Denise Grobbelaar:

Earth has a Soul

Jungian Analyst, Psychotherapist & Clinical Psychologist.

Philosopher Plato once imagined the cosmos as “a living creature truly endowed with soul and intelligence. Animistic traditions recognise that the Earth is not passive terrain, but a living being with whom we share an interconnected consciousness.

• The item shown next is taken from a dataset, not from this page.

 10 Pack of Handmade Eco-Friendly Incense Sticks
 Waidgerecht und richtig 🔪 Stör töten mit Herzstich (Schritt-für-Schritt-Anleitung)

Yet today, many people no longer see the cosmos as alive. We forget we are inseparable from the whole of nature. This perceptual fracture lies at the heart of our ecological crisis. The Earth has become resource, not relative. Still, ancient wisdom reminds us: the world is a single living entity containing all other living entities - each intrinsically related.

Jungian eco‑psychology affirms this as anima mundi - the soul of the world, Earth’s innate intelligence. Jung understood our psychic disconnect as a failure of imagination. In The Red Book, he writes of the soul’s hunger for myth. Without living stories, we suffer a flattened relationship to nature. The anima mundi calls us back not through argument but poetic perception.

When the ‘spirits’ were stripped from trees, mountains, and seas, the Western psyche lost intimacy with land. Recovery begins with re-sensing. Rilke’s gentle words remind us: “If we surrendered to earth’s intelligence we could rise up rooted, like trees…” Surrender is not weakness - it is deep anchoring.

In Jungian terms, our collective shadow is this denial of kinship with Earth. The psyche suffers not only from personal trauma, but from eco-alienation. Healing begins with remembering Earth as a living entity with a soul. As Stephan Harding writes, “as the crisis deepens, the call of anima mundi intensifies.”

Jung states: “Natural life is the nourishing soil of the soul.” We begin to sense Earth’s soul again - in forests breathing, rivers murmuring, wind whispering. The spiral turns: from disenchantment to urgent remembering. The Earth is alive. Her soul calls us home.

Swami B. V. Tripurari offers the needed clarity: “The current deplorable environmental crisis demands a spiritual response. A fundamental reorientation of human consciousness, accompanied by action that is born out of inner commitment, is very much needed.”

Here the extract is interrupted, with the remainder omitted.